§ EXERCISE DETAILS
Repeat each entry exactly; omit all pictures.

(Dataset records)
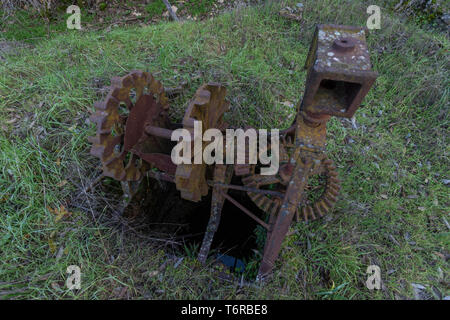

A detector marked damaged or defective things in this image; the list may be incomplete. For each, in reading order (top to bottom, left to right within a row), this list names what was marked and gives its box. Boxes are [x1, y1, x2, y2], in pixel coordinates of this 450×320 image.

rusty gear wheel [89, 70, 170, 181]
corroded gear mechanism [89, 70, 170, 181]
rusty gear wheel [175, 83, 230, 202]
rusty gear wheel [239, 136, 342, 222]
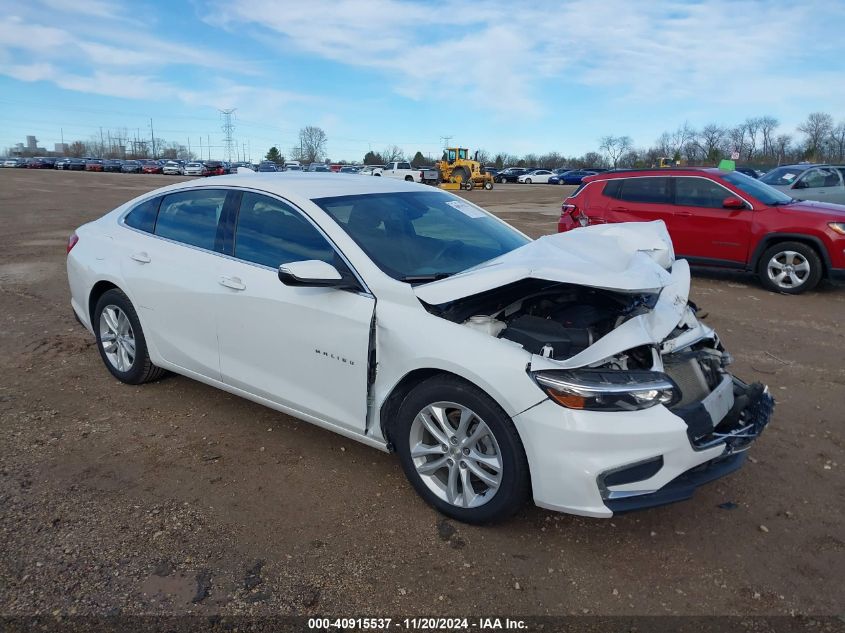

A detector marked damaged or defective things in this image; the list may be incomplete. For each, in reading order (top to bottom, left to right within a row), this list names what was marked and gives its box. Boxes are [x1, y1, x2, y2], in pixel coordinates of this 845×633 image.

crumpled hood [412, 218, 676, 304]
damaged front end [416, 223, 772, 512]
broken headlight assembly [536, 368, 680, 412]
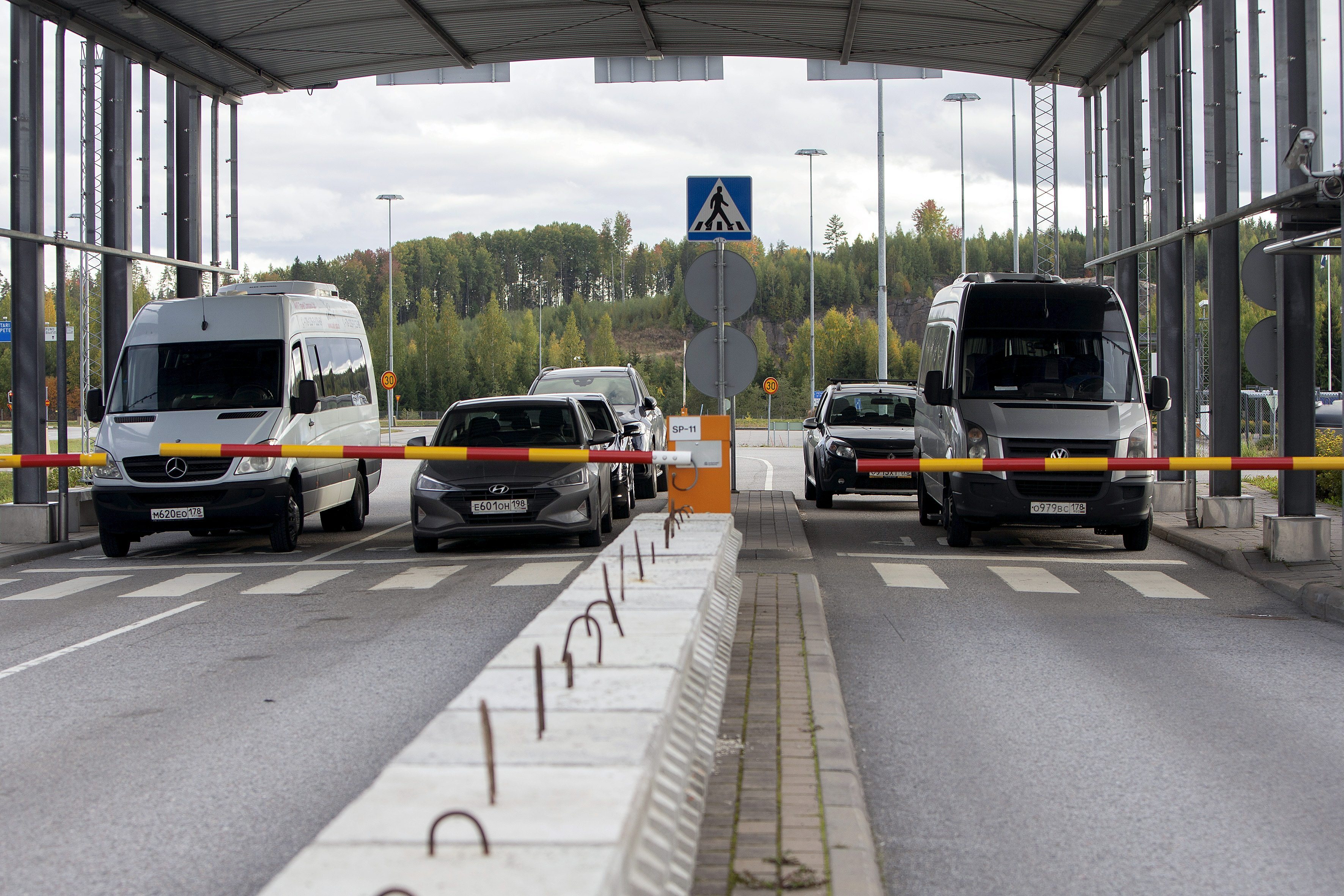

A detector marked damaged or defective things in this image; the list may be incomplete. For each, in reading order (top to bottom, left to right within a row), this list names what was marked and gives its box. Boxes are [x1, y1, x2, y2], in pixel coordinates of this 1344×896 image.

rusty rebar loop [672, 459, 704, 494]
rusty rebar loop [561, 610, 605, 666]
rusty rebar loop [588, 596, 623, 637]
rusty rebar loop [529, 647, 540, 741]
rusty rebar loop [481, 698, 497, 806]
rusty rebar loop [427, 811, 492, 860]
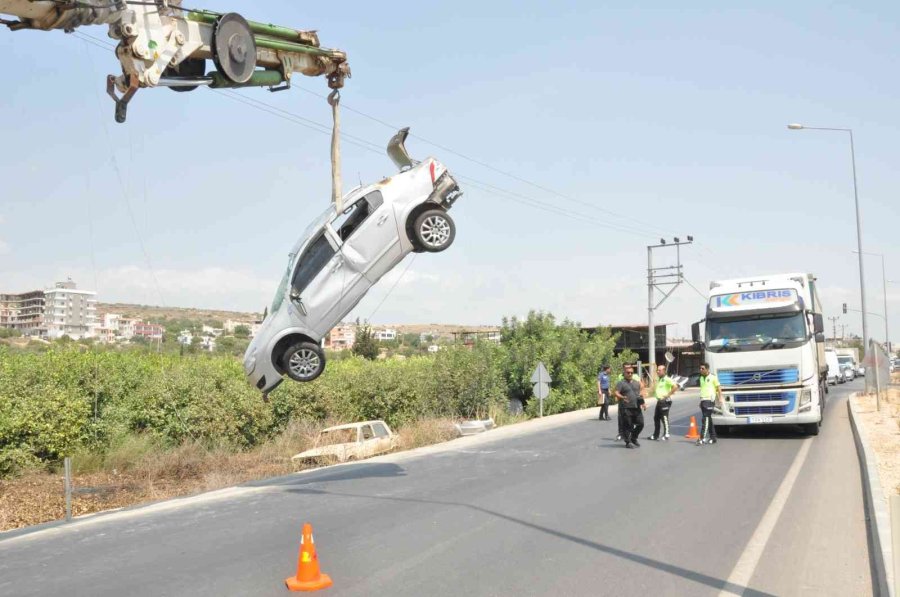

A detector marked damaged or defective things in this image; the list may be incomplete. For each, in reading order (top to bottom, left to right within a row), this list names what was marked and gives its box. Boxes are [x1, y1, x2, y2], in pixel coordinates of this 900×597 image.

damaged vehicle [243, 128, 460, 392]
abandoned old car [243, 128, 460, 394]
abandoned old car [294, 420, 396, 466]
damaged vehicle [292, 420, 398, 466]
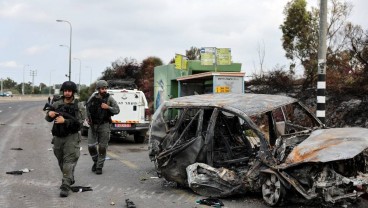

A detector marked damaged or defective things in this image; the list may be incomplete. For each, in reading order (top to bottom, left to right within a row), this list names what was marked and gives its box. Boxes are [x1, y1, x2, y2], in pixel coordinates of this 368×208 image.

burned car wreck [148, 93, 368, 206]
charred car body [148, 94, 368, 206]
rusted car hood [278, 127, 368, 169]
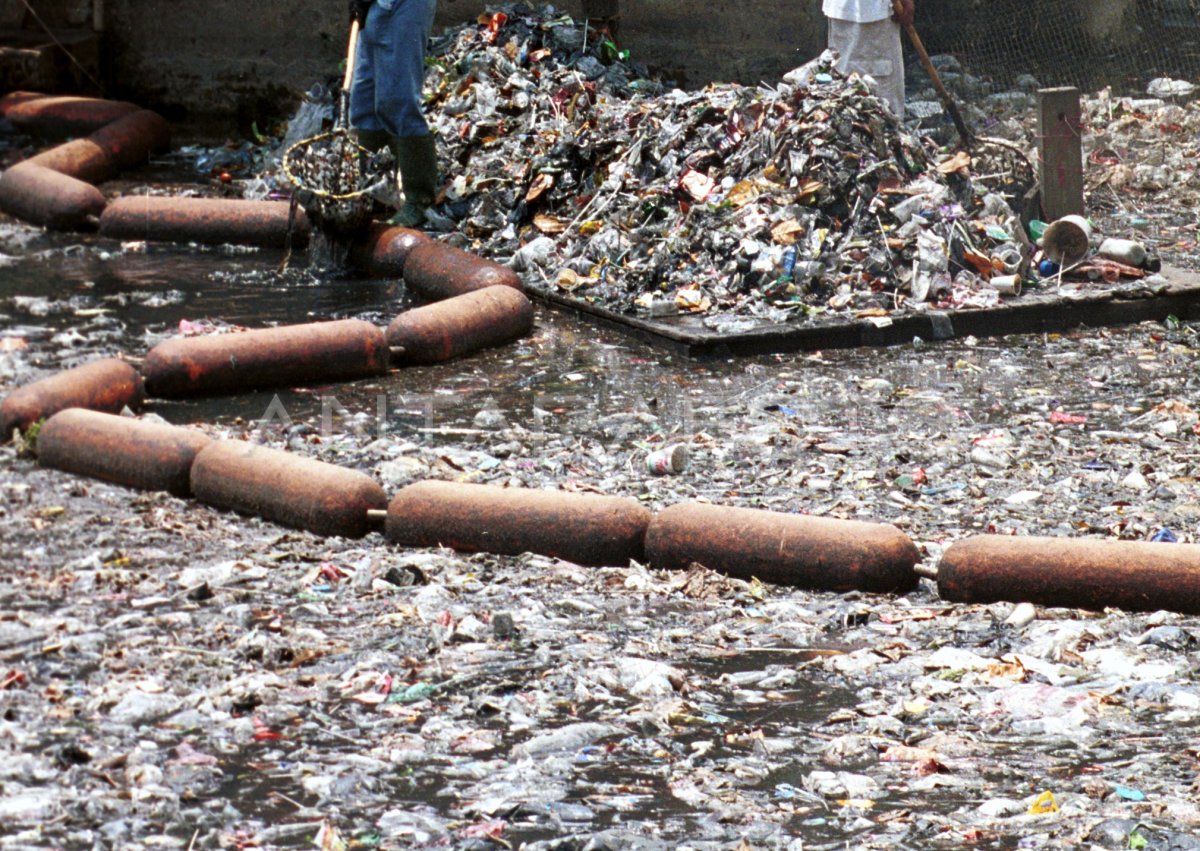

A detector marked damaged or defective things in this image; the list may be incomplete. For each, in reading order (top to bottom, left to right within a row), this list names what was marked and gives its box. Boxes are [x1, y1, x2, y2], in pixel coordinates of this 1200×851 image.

brown rusty surface [0, 160, 106, 229]
rusty cylindrical drum [0, 160, 106, 229]
rusty cylindrical drum [1, 94, 138, 138]
brown rusty surface [2, 94, 139, 136]
brown rusty surface [27, 138, 115, 183]
rusty cylindrical drum [27, 139, 115, 183]
brown rusty surface [88, 108, 171, 170]
rusty cylindrical drum [88, 109, 171, 169]
brown rusty surface [99, 198, 312, 250]
rusty cylindrical drum [99, 198, 312, 250]
brown rusty surface [348, 222, 432, 278]
rusty cylindrical drum [348, 222, 432, 278]
rusty cylindrical drum [400, 238, 523, 302]
brown rusty surface [400, 238, 523, 302]
rusty cylindrical drum [0, 357, 144, 439]
brown rusty surface [0, 357, 144, 439]
brown rusty surface [141, 319, 388, 398]
rusty cylindrical drum [141, 319, 388, 398]
brown rusty surface [386, 285, 537, 364]
rusty cylindrical drum [386, 285, 537, 364]
rusty cylindrical drum [37, 405, 211, 494]
brown rusty surface [39, 405, 213, 494]
rusty cylindrical drum [190, 439, 384, 537]
brown rusty surface [192, 439, 386, 537]
brown rusty surface [386, 477, 652, 564]
rusty cylindrical drum [386, 482, 652, 566]
brown rusty surface [648, 496, 916, 590]
rusty cylindrical drum [648, 504, 916, 590]
brown rusty surface [940, 535, 1200, 614]
rusty cylindrical drum [940, 535, 1200, 614]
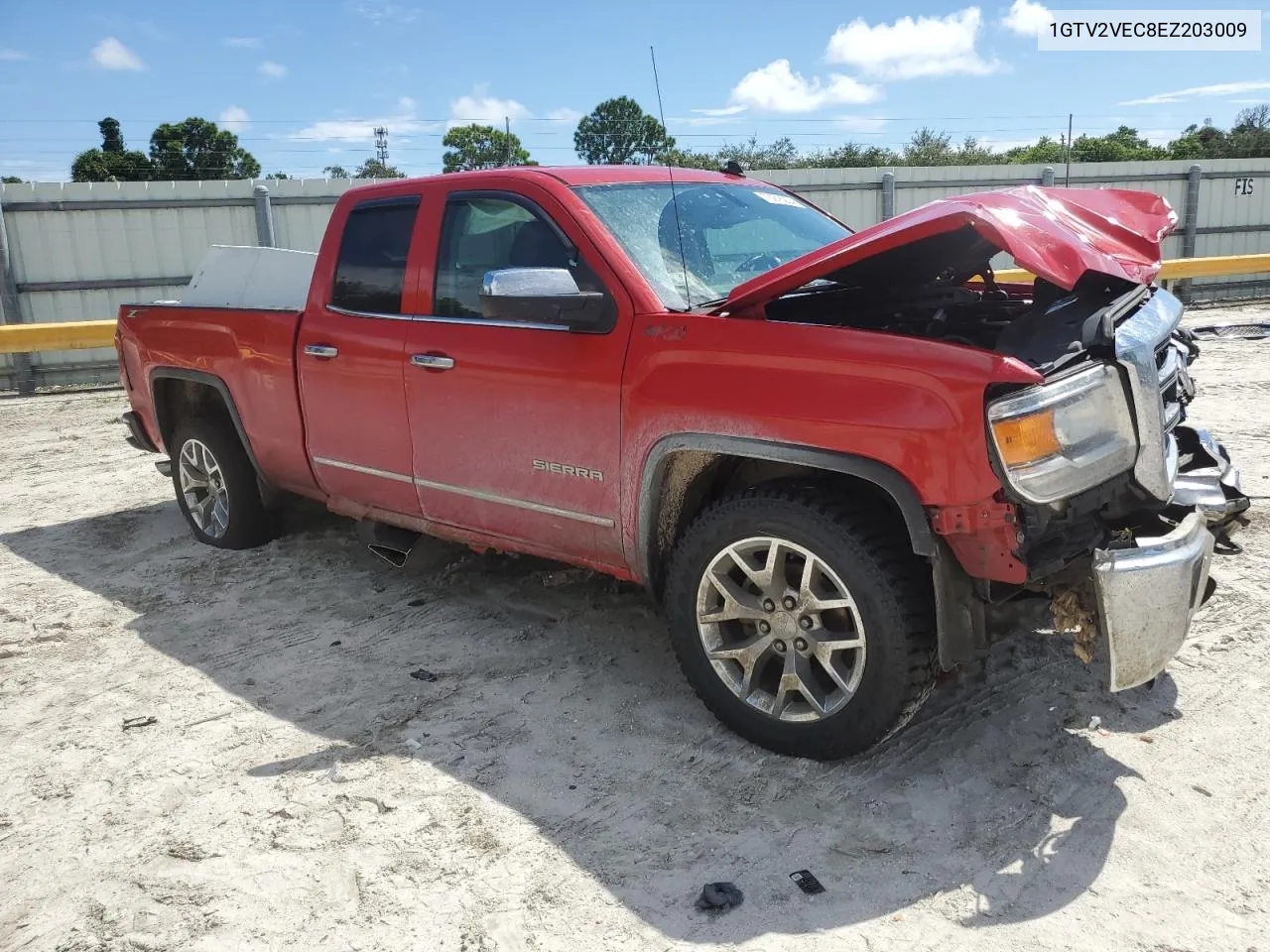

§ SOLUTION
A detector marked damaged or defective things in this image; the list may be incomplete. For each, in reading order (top to bottom, left to right within a row), this list names what was marked and gives its box. Boxes are [x1, y1, x2, y2], in pixel coordinates of this 450×320 image.

rusty gear wheel [89, 70, 170, 181]
corroded gear mechanism [89, 70, 170, 181]
rusty gear wheel [175, 83, 230, 202]
rusty gear wheel [239, 136, 342, 222]

A detector marked damaged or defective things in this image; the list may be incomplete. For each, in reading order (top to bottom, left to right within a row), this list names what was marked and gives its box. Boxes are [x1, y1, x2, y2], in pixel coordinates of this 845×633 image.

crumpled hood [412, 218, 676, 304]
damaged front end [416, 223, 772, 512]
broken headlight assembly [536, 368, 680, 412]

A detector marked damaged or defective things in this image; the list may be incomplete. For each, in reading order (top to bottom, left to right within a row), this list names what was marked and gives its box. Boxes are [x1, y1, x2, y2], in pixel coordinates of this 1344×896 image.

rusty rebar loop [672, 459, 704, 494]
rusty rebar loop [561, 610, 605, 666]
rusty rebar loop [588, 596, 623, 637]
rusty rebar loop [529, 647, 540, 741]
rusty rebar loop [481, 698, 497, 806]
rusty rebar loop [427, 811, 492, 860]

A detector marked damaged or defective things in this image; the list may be incomplete. For each, in reading order (top to bottom, left to right within a row), this list names what was marked and gives its box. Boxes are [x1, y1, x2, y2], in pixel coordinates of this 900×597 image.

damaged vehicle [243, 128, 460, 392]
abandoned old car [243, 128, 460, 394]
abandoned old car [294, 420, 396, 466]
damaged vehicle [292, 420, 398, 466]

A detector marked damaged or defective things in this image; the list may be incomplete. For each, in reading order (top to bottom, left to right within a row), this list names what was marked and gives its box. Boxes are [x1, y1, x2, y2], in pixel coordinates of this 368×208 image.

burned car wreck [148, 93, 368, 206]
charred car body [148, 94, 368, 206]
rusted car hood [278, 127, 368, 169]

A detector marked damaged or defective things in this image; the list may be incomplete. For each, in reading order (top to bottom, left to right within a row), this list names what was marked and gives its box. Boxes are [x1, y1, x2, y2], in pixel coordinates of this 1200×851 image.

brown rusty surface [0, 160, 106, 229]
rusty cylindrical drum [0, 160, 106, 229]
rusty cylindrical drum [1, 94, 138, 138]
brown rusty surface [2, 94, 139, 136]
brown rusty surface [27, 138, 115, 183]
rusty cylindrical drum [27, 139, 115, 183]
brown rusty surface [88, 108, 171, 170]
rusty cylindrical drum [88, 109, 171, 169]
brown rusty surface [99, 198, 312, 250]
rusty cylindrical drum [99, 198, 312, 250]
brown rusty surface [348, 222, 432, 278]
rusty cylindrical drum [348, 222, 432, 278]
rusty cylindrical drum [400, 238, 523, 302]
brown rusty surface [400, 238, 523, 302]
rusty cylindrical drum [0, 357, 144, 439]
brown rusty surface [0, 357, 144, 439]
brown rusty surface [141, 319, 388, 398]
rusty cylindrical drum [141, 319, 388, 398]
brown rusty surface [386, 285, 537, 364]
rusty cylindrical drum [386, 285, 537, 364]
rusty cylindrical drum [37, 405, 211, 494]
brown rusty surface [39, 405, 213, 494]
rusty cylindrical drum [190, 439, 384, 537]
brown rusty surface [192, 439, 386, 537]
brown rusty surface [386, 477, 652, 564]
rusty cylindrical drum [386, 482, 652, 566]
brown rusty surface [648, 496, 916, 590]
rusty cylindrical drum [648, 504, 916, 590]
brown rusty surface [940, 535, 1200, 614]
rusty cylindrical drum [940, 535, 1200, 614]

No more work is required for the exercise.